Check out if Ushahidi is in The Top 100 NGOs 2013 Edition!
Harnessing the power of the crowd for good.
Flexible platform for limitless uses.
It is not often that an organization can harness a new technology and send reverberations through the entire non-governmental sector. As a result of its innovative application of open source mapping software, however, this is exactly what Ushahidi (Swahili for ‘testimony’ or ‘witness’) has achieved in three short years.
The Nairobi-based organization was conceived in 2007 in response to the disputed elections in Kenya and the widespread violence that followed. Alarmed by the apparent gap between what they were witnessing on the ground and what was being reported in the media, a group of ‘citizen journalists’ established a website to map incidents of violence and peace efforts throughout the country based on reports submitted via the web and mobile phones. This website quickly amassed 45,000 users nationwide, with the data aggregated and mapped for anyone who needed it.
Maturing into a fully-fledged non-profit software development company, Ushahidi aspires to disrupt the way information flows in the world by providing high-quality ‘crowdsourcing’ tools with low barriers to entry, leveraging the collective power of individuals to achieve greater impact.

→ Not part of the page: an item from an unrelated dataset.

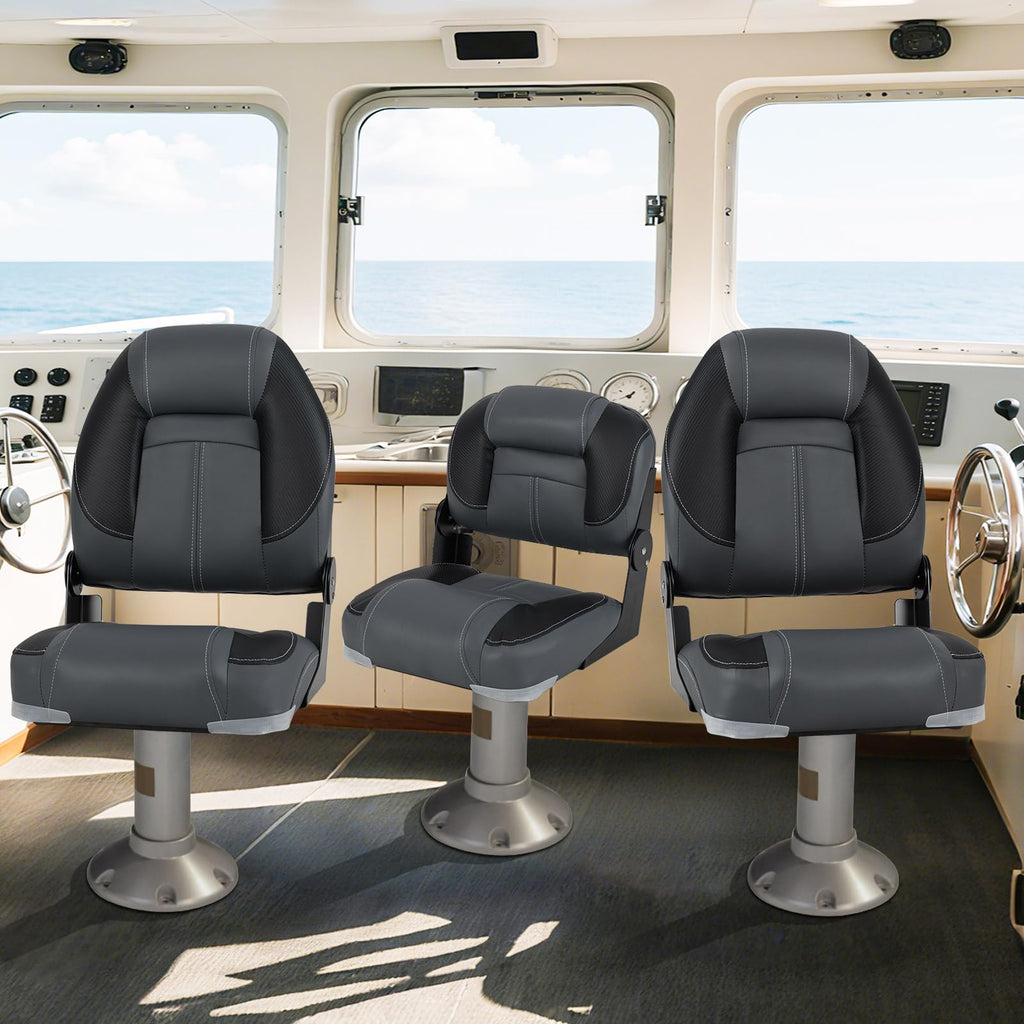 3-Pack Folding Boat Seats with 28D Sponge Padding W78184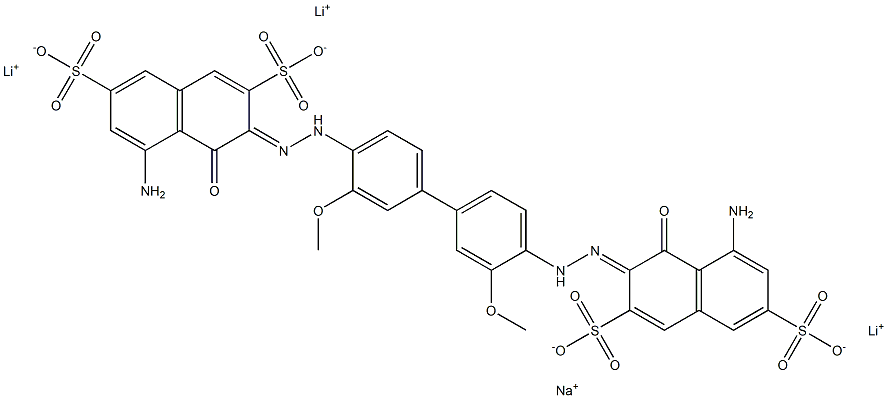 2,7-Naphthalenedisulfonic acid, 3,3'-[(3,3'-dimethoxy[1,1'- biphenyl]-4,4'-diyl)bis(azo)]bis[5-amino-4-hydroxy -, trilithium monosodium salt 结构式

The organization specialises in developing free and open source software for information collection, visualization and interactive mapping. To date, the most ground-breaking uses have been in the humanitarian world. From providing real-time mapping to assist first responders during the Haitian post-earthquake relief effort in 2010, to contributing to the UN Office for the Co-ordination of Humanitarian Affairs’ ‘Standby Volunteer Task Force’ for Libya, Ushahidi has changed the face of how crucial information concerning conditions on the ground can be collected, analyzed and disseminated at high speed to relief workers.
The organization is quick to point out, however, that Ushahidi’s products hold far more promise. As Executive Director Juliana Rotich explains, some of the uses will be humanitarian, but the software has already been utilised in unforeseen ways: “I think that is telling; we are a platform company, we make technology that can be used and customized in different ways, and this affords people a lot of creativity”. Ultimately, the possibilities for combining social activism, public accountability and geo-spatial information are limited only by the imagination of the organizations and groups seeking to drive change. It is for this reason that Ushahidi has had such a pervasive impact in such a short period of time, and why it has opened eyes to the potential for other fruitful marriages of new technologies with longstanding NGO priorities.